Nous vivons désormais avec elle dans une de ces résidences en arrière de chez Yvonne Auguste. Les deux proches voisines, ma mère et Madame Avenan, mère de Jean et d’Antoine, s’entendent à merveille. En l’absence de maman qui est partie faire des emplettes au marché, Séréel – le cuisinier à ciel ouvert, qui parle comme une commère – , ayant exercé de la pression sur nous, tout-petits, s’est emparé de force de la grande chaudière en aluminium dont maman a grand besoin pour faire sa gargote de bouillon. À son retour, elle pique une de ces crises qui alerte tout le monde au marché. Séréel se fait sermonner, et la chaudière est revenue presque toute seule à la maison.

 

Le vent redouble de puissance, et déjà on parle de la mer qui se déchaîne, de l’embouchure-Grand-Anse à proximité de Versailles, jusqu’à La Pointe dans le voisinage de la Loge; de grosses vagues délogent les riverains du Bord-de-Mer, en frappant fort sur les vestiges de “Le Croyant“, ce bateau qui échoua sous Salomon, quand le phare, d’ordinaire en permanence sur le wharf, fut déplacé vers le clocher de Sainte-Hélène. “À toutes fins utiles“, nous dit Placide David.

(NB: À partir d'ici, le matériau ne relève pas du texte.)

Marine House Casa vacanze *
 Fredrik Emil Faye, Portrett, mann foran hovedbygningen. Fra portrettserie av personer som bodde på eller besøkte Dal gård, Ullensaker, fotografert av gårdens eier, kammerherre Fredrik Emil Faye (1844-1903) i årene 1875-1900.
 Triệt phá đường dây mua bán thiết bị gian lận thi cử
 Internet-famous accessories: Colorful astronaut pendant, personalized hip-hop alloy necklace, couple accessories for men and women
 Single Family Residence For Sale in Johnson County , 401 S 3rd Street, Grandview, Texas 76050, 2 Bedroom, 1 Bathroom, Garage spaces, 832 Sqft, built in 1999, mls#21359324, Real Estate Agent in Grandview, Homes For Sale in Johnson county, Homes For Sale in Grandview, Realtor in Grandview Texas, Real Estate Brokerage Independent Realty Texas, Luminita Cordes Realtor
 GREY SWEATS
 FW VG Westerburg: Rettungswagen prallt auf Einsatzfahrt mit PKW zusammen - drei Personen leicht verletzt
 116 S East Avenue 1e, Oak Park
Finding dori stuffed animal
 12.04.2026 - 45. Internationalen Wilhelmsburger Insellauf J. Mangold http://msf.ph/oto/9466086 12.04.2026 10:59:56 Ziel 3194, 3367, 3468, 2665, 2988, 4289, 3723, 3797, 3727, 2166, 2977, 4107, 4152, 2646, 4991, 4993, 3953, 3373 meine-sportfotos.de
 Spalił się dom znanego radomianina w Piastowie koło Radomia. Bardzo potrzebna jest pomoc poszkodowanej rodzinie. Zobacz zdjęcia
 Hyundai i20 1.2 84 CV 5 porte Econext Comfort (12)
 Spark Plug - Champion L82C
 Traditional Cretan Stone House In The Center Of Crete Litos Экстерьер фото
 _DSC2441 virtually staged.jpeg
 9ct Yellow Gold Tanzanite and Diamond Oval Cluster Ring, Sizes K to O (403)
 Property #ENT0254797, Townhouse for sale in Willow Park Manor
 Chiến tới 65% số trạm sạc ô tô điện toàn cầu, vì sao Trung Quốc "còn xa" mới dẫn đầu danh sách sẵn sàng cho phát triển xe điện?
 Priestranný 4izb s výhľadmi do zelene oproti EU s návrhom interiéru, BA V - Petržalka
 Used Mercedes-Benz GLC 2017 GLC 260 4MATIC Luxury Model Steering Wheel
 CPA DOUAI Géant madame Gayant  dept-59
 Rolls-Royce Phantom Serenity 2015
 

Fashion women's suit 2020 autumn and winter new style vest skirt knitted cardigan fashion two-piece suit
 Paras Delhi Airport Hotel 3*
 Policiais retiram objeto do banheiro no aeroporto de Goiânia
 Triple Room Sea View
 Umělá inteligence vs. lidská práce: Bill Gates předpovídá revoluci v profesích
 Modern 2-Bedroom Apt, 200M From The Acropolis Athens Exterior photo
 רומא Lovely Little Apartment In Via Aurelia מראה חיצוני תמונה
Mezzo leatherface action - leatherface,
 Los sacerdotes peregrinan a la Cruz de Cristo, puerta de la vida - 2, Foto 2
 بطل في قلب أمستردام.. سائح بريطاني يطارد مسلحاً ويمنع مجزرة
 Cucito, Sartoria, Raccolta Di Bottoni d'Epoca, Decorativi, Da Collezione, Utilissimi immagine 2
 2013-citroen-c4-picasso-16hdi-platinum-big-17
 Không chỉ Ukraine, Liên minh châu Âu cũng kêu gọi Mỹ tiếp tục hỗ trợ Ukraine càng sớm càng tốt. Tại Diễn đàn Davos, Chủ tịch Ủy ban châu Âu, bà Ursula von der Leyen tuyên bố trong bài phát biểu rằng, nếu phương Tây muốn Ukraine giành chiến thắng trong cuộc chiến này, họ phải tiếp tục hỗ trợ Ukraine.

“Ces rafales de vent qui emportent tout à leur passage, Jérémie ne les avait connues qu´en 1935“, nous conte Tante Iphosia qui est passée nous voir à la rue Mgr. Beaugé. De chez nous étant, je pouvais lorgner, jusqu’au fond vers le Sud, la maison de Fritz Allen, proche des Chevallier, de Boss Anthénor, d´Elda Pierre, de la librairie Honoré et de chez Georges Clérié, converti plus tard en Titi. De l’autre côté, au Nord de la rue Mgr. Beaugé, mon regard et ma narine, après avoir salué l´étal à “fritailles“ de Clermosante, et balayé toute cette zone en amont du “Gros-lycée“, finissaient leur course chez Yèyèl où de gros Matous de la Place allaient danser le “foubibouk“, la nuit, quand tous les chats sont gris. Neuf mois plus tard, la ville sera peuplée de petits bâtards qui se prennent aujourd’hui pour des Mulâtres.

 

Hazel déploie davantage ses ailes. Ses avortons aussi, qui sont des hourvaris et des suettes. Le grenier de chez ma marraine, Madame Titi, prenant la poudre d’escampette, vient chercher asile jusque dans la cour de cette résidence où habite encore Madame Avenan, la bonne amie à ma mère.

 

Dans cette rangée de maisons bordant au Sud le Carré-Marché, il y avait, côte à côte, les résidences de Pierre Lataillade dit Sonsite – le tapeur des têtes chauves -, celles de Tante Iphosia, de Madame Georges Colas, d´Anotte la quincaillère, de Clarifond Sémexant- le boucher de la ville, qui fut le beau-père de Maurice Léonce -, et à l’extrême pointe, vers Ti-Amélie, la boutique-résidence de Georges Clérié. De l’autre côté du Carré-Marché, au Nord, se coinçaient d’un bout à l’autre le Soleil-Levant d´Antoine Jean, puis la maison de Zette Vincent, formant un “carré-parfait“ avec celles de Madame Navial, de Pierre Sansaricq et de Gès Perrault au “carrefour-prison“. Inoubliable “carré-parfait“ au Carré-Marchéǃ …

 

Pour comble de sacrilège, Hazel vient de priver l’église Saint-Louis de son bonnet. Quant à la Dame-Marie, elle est anéantie à plate couture ; ville- vierge violée au grand jour sur le lit de sa propre “mer“ Laye.

Bienheureux Milo Jérôme qui ouvrit largement sa porte aux sinistrés que nous fûmes; un humaniste, je m´en souviens, comme jamais Jérémie n’en a eus. N´en déplaise à Nono Lavaud, fils chéri de Madan-Zouzoute à Nan-Goudron, qui fut un Mécène compréhensif.